The Heritage report flagged another InterAction memo titled “Anti-Blackness & Racism,” which urges workers in the foreign-aid industry to confront racism. The report uses language common in left-wing activist circles, accusing aid workers of approaching their work with a “problematic white gaze.”

“Through this lens, the sector often places people of color, especially Black, Brown, and Indigenous people, against a model of whiteness — specifically, a whiteness rooted in the Global North — as the default or highest standard to strive toward,” it reads.

“Anti-Blackness & Racism” remains accessible on InterAction’s website, but Hart distanced himself from it, saying that the task force that produced it operated under prior administrations and is currently defunct. The program that published the paper on “whiteness” had ended before he arrived at InterAction, he added, but he was not sure whether it ended before or after Heritage issued its report.

“They’re trying to steer American taxpayer dollars to promote DEI, a woke climate agenda, and radical left wing foreign policy views,” Representative Kevin Hern, the chairman of the RSC, said in a statement. “Humanitarian aid should not be politicized, but that’s exactly what this organization is doing. We should not fund InterAction.”

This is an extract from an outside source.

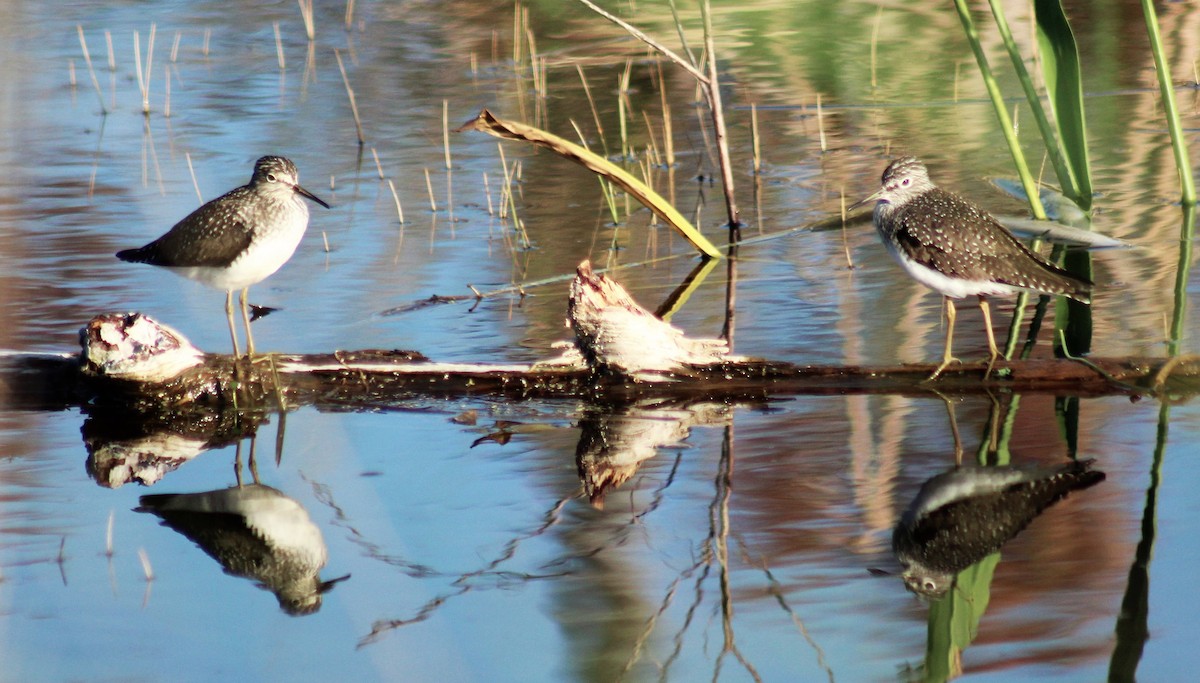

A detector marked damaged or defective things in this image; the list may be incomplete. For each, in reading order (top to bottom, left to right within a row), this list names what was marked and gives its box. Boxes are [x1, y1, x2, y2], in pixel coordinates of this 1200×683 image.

In addition to InterAction’s advocacy for DEI, Republican congressional offices were troubled that the group lobbied against legislation that would block the U.S. from normalizing diplomatic ties with the regime of Bashar al-Assad in Syria and that would place sanctions on the Wagner Group. Hart said that he was not familiar with those efforts, which took place before he started at InterAction,  and that it was his predecessor who had signed the letter protesting the Assad bill.

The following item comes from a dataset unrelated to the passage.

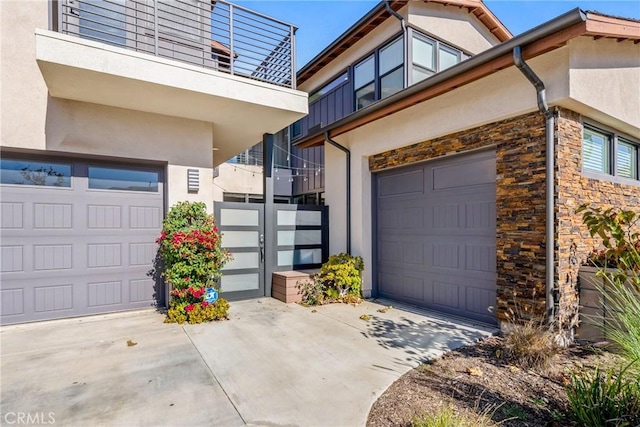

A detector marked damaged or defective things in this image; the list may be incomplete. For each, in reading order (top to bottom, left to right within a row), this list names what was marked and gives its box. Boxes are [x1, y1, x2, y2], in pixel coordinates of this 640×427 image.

driveway crack [182, 328, 248, 424]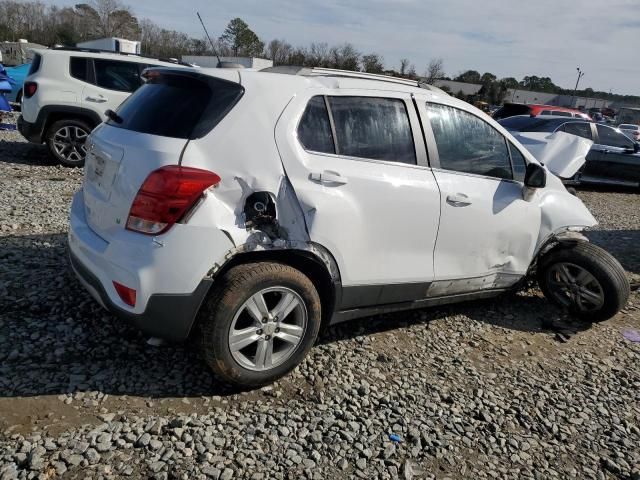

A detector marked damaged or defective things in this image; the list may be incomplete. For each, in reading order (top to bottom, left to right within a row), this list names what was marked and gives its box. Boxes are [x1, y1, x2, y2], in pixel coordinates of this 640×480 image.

broken taillight [126, 166, 221, 235]
damaged white suv [67, 66, 628, 386]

Hart said that he wants to rebuild his organization’s ties to conservatives. “There are a lot of disagreements between or among some conservatives and what InterAction has done in the past. . . . This is a moment for us to find common ground to move forward together to tackle the challenges that the world is presenting some of the most vulnerable people,” he said, adding that U.S. leadership on foreign assistance could boost America’s ability to compete with China.

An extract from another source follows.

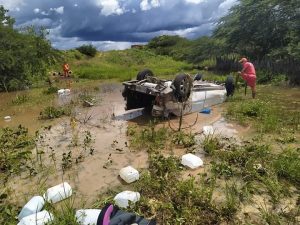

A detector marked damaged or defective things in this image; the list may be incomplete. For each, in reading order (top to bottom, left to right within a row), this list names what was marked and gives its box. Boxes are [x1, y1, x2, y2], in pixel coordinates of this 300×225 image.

overturned white car [122, 69, 230, 117]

It’s unlikely that Representative Cloud’s provision will survive through passage on the House floor, then consideration in the Senate, under the control of a Democratic majority.

Still, it may be a sign of where the winds are blowing for an industry that has unapologetically embraced left-wing talking points. InterAction’s embrace of DEI rhetoric reflects long-running trends in the foreign-aid realm, said Max Primorac, a former USAID official in the Trump administration and now a senior research fellow at Heritage.

“It is the first time that this industry — and, effectively, this is the foreign-aid-industrial-complex industry — is held accountable for its wacky and extremist social agenda that’s pushing through DEI.” Primorac said. He added that those efforts and the industry’s focus on abortion and “other things that have no place in foreign aid” don’t represent mainstream America and are “resented by those communities that we’re trying to help.”